Since arriving in Guadalajara, I have been told, by several admirers, that I am “tipo Anyyyyelina Yoly,” which, translated by Chelsea Handler, means Category 5 whore.
When I hear men (uncles), with dry, twinkling eyes, compare me to Anyyyyelina, I don’t hear, “You are beautiful.”
I hear, “Illustrated brunette, you seem adventurous. Would you care for some seed?”
Tipo Anyyyyelina Yoly is, after all, only a stretch mark away from…

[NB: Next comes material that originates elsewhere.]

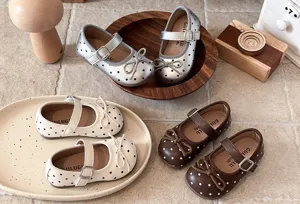 Detail shot of toddler Mary Jane shoes with cute bow and polka dots, soft sole and strap.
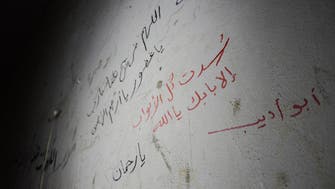 IN PICTURES: The writings on the wall of a former ISIS prison in Syria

What can I do to make these poor Mexican’ts understand that I’m happy being a womb raider?
What can I do to get them to stop wooing me with potable water?
One thing I can do is put on my gay uniform.
However, even this is slightly ineffective considering that Mary! is a graggot (gringo faggot) expression.
Between my grandmother’s prolonged death, the effects of my uncle’s prostate cancer treatment on his stool, my other uncle whining that whenever a woman leaves him, she takes another washing machine, my grandfather’s ghost’s need for constant attention, and all the Anyyyyelinaing, Dad and I felt overwhelmed. We excused ourselves from the family drama and went for a father-daughter walk.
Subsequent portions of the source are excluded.